El arte verdadero tiene vocación de perennidad. El arte de consumo sigue cual perrillo faldero a la moda, es por medio de su veleidosa y despótica ama como se constituye. Por tal razón, no escapa a la dinámica típica de toda mercancía: emergencia triunfal bajo la forma de “novedad” o “innovación”, rápida saturación del mercado y subducción inexorable, para dejar el lugar vacante al novel producto que ya le pisa los talones. Como decía Mark Twain: “Es tan mala la moda, que hay que estarla cambiando cada seis meses”.
Soy residente del arte, no me paseo por él con visa de turista.

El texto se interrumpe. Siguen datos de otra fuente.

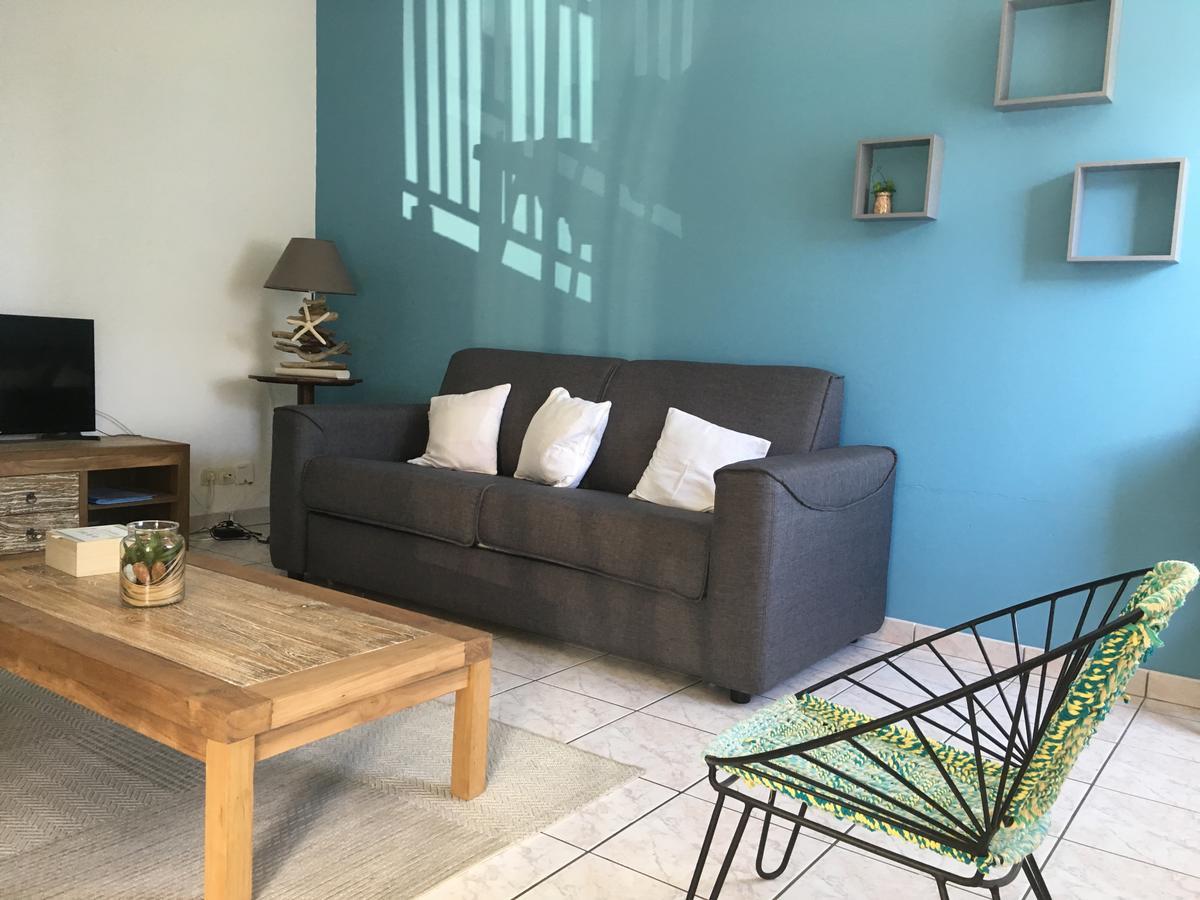 Appartamento Le Bénitier Saint-Gilles-les Bains Esterno foto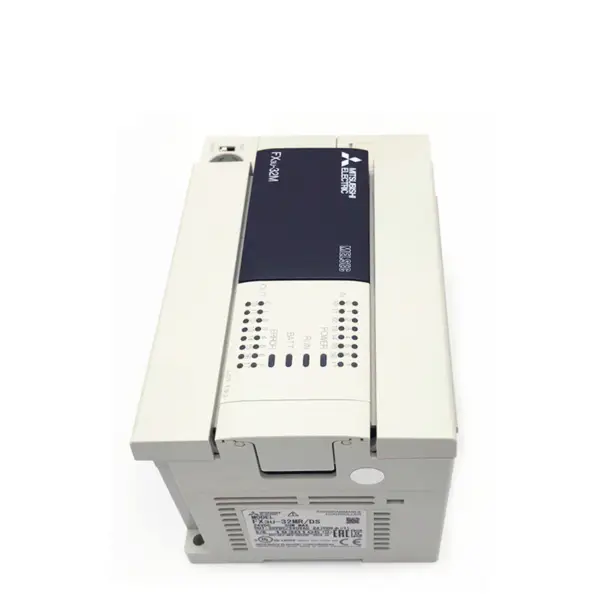 Mitsubishi PLC FX3U-32 FX3U serie FX3U32M CPU basiseenheden FX3U-32MR/DS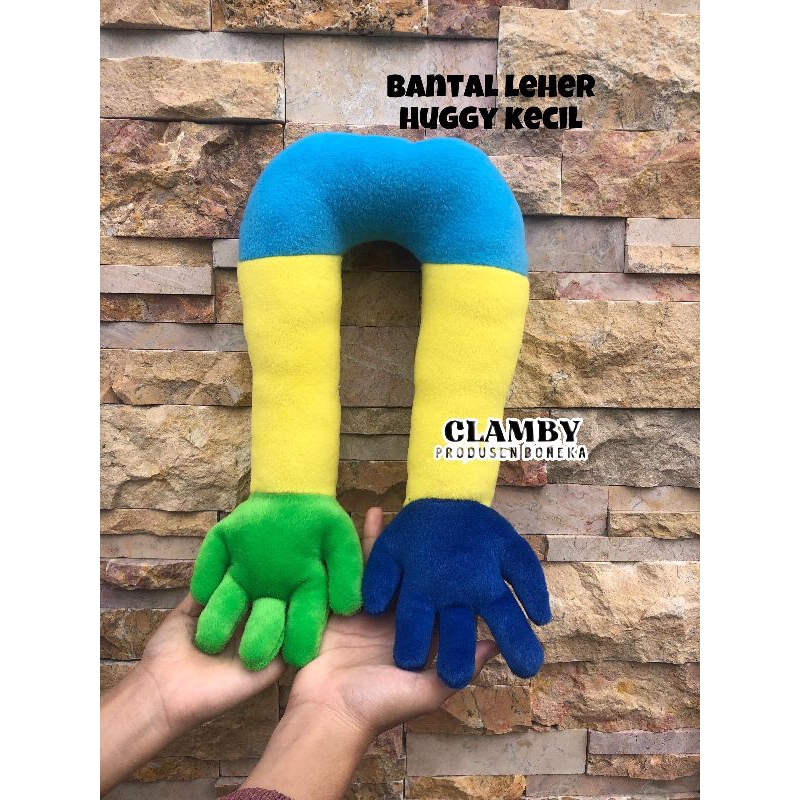 Grab pack Poppy Playtime Player Huggy Wuggy ของเล่นคอสเพลย์ไฟฟ้า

Lo he recorrido con devoción de peregrino, intrepidez de explorador, celo de hermeneuta y la mirada atenta del más avezado de los cartógrafos. Del arte espero el milagro de la experiencia estética, y esta se vive como revelación, como epifanía y comunión. Váyanle a otros con el cuento de que tanto vale la Novena Sinfonía de Beethoven como la última tonadilla de un jetas cualquiera. Son muchísimos ya los años que llevo remontando las laberínticas veredas de la belleza, recorriendo su espléndida topografía, como para no saber a estas alturas distinguir un templo de un burdel.